From the first line to the last, output the data exactly as it stands, minus its pictures.

**Records to process:**
=====

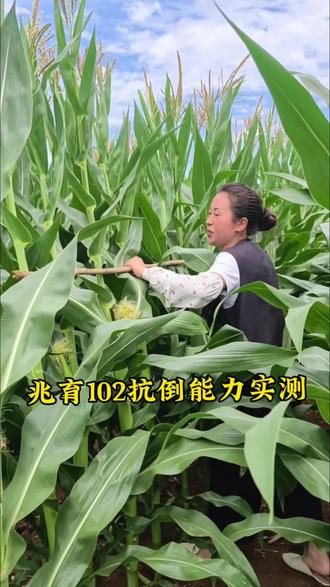 最近极端天气频发,玉米倒伏严重, 我们来见证一下兆育102的抗倒能力到底怎么样#真实分享种地 #玉米倒伏 #玉米种植 #兆育102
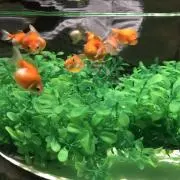 Sの画像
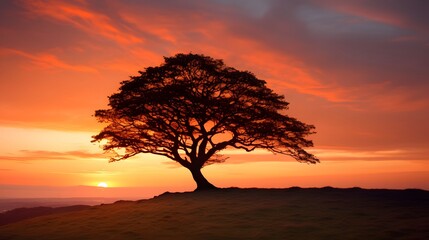 a tree against a sunset sky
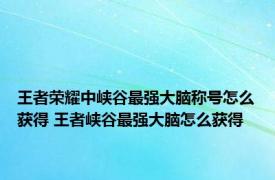 王者荣耀中峡谷最强大脑称号怎么获得 王者峡谷最强大脑怎么获得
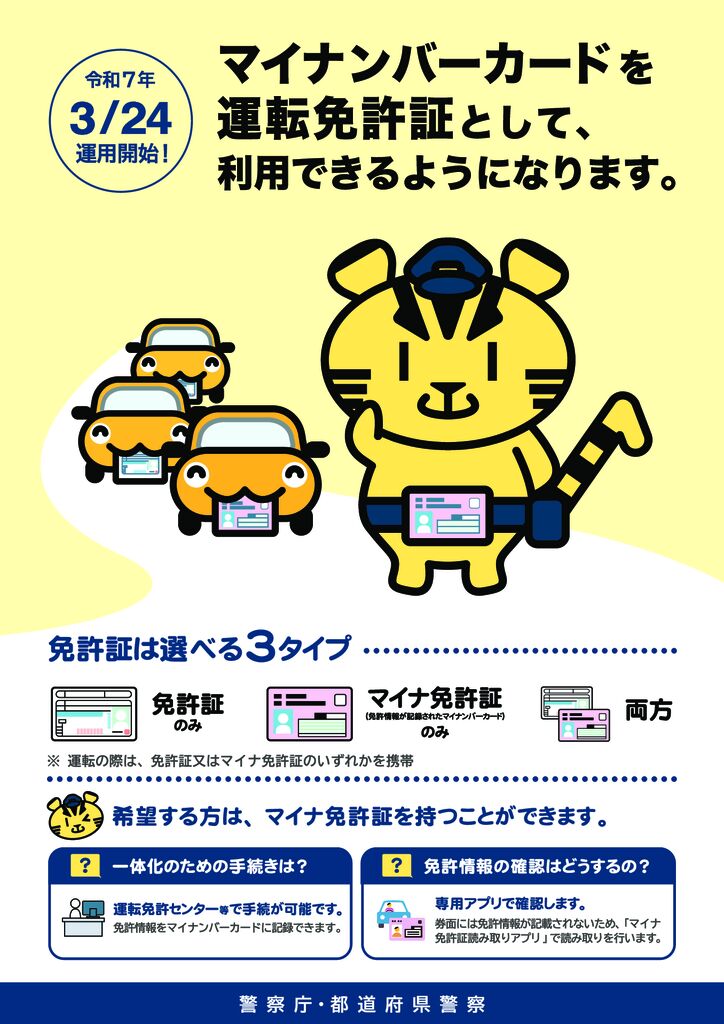 P2マイナ免許1のサムネイル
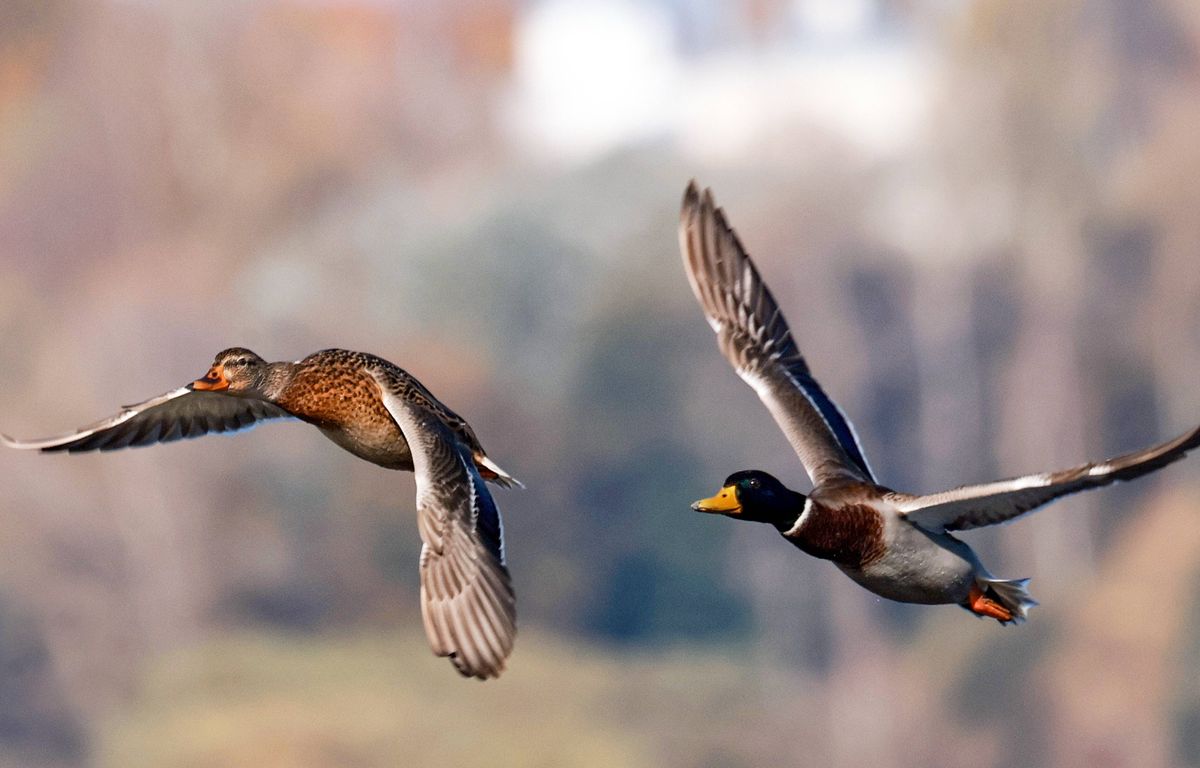 Chasse : C’est quoi cette histoire de canards tués pour entraîner des chiens ?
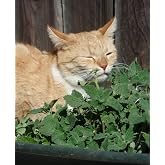 SeedsUP - 100+ Seeds Catmint - Herb Green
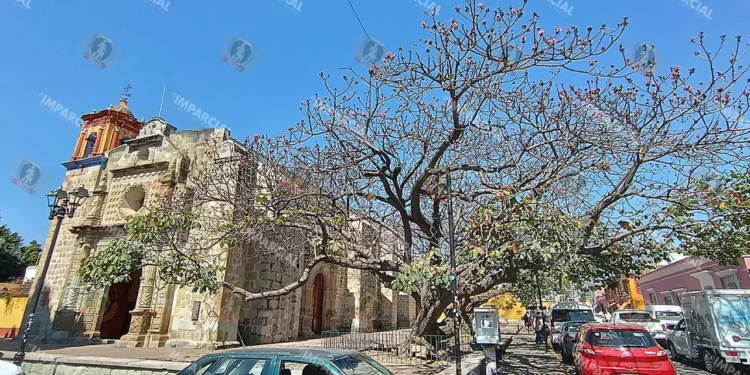 Fotos: Lisbeth Mejía // Algunos indican que los coquitos fueron sembrados al tiempo que construían el templo.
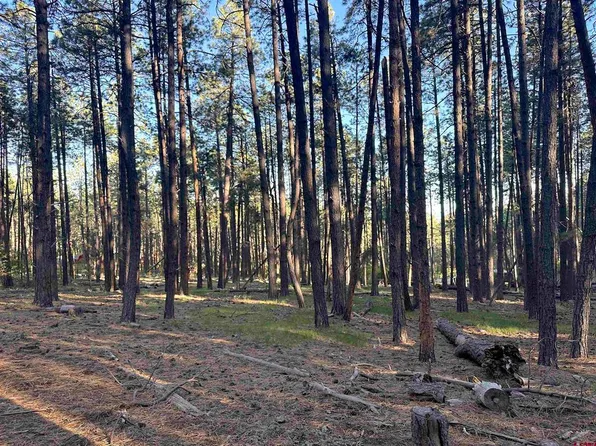 432 Blue Ridge Drive, Bayfield, CO 81122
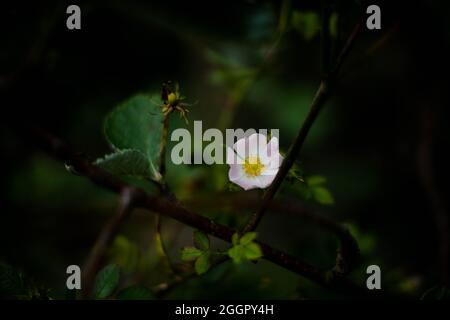 Blüht auf einem felsigen Felsvorsprung in Symond's Yat, Forest of Dean, Gloucestershire. Stockfoto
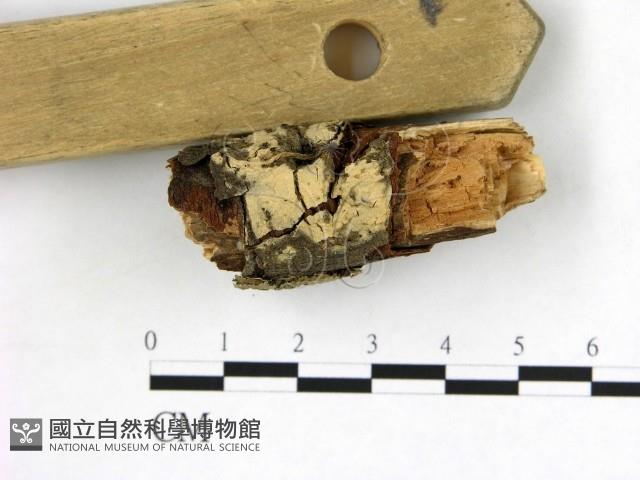 登錄號:F0021695藏品圖，第3張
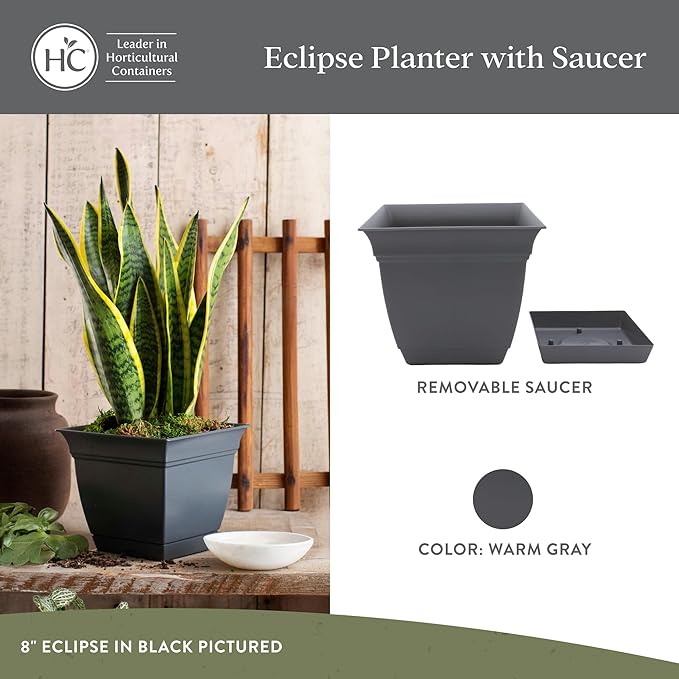 The HC Companies Eclipse Square Plastic Planter w/ Attached Saucer - Outdoor & Indoor Plant Pot with Drainage Holes - Lightweight, UV-Resistant Plastic Pots For Plants (8" Warm Gray, Pack of 1) TheHCCompanies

=====

**Problem solution:**
 最近极端天气频发,玉米倒伏严重, 我们来见证一下兆育102的抗倒能力到底怎么样#真实分享种地 #玉米倒伏 #玉米种植 #兆育102
 Sの画像
 a tree against a sunset sky
 王者荣耀中峡谷最强大脑称号怎么获得 王者峡谷最强大脑怎么获得
 P2マイナ免許1のサムネイル
 Chasse : C’est quoi cette histoire de canards tués pour entraîner des chiens ?
 SeedsUP - 100+ Seeds Catmint - Herb Green
 Fotos: Lisbeth Mejía // Algunos indican que los coquitos fueron sembrados al tiempo que construían el templo.
 432 Blue Ridge Drive, Bayfield, CO 81122
 Blüht auf einem felsigen Felsvorsprung in Symond's Yat, Forest of Dean, Gloucestershire. Stockfoto
 登錄號:F0021695藏品圖，第3張
 The HC Companies Eclipse Square Plastic Planter w/ Attached Saucer - Outdoor & Indoor Plant Pot with Drainage Holes - Lightweight, UV-Resistant Plastic Pots For Plants (8" Warm Gray, Pack of 1) TheHCCompanies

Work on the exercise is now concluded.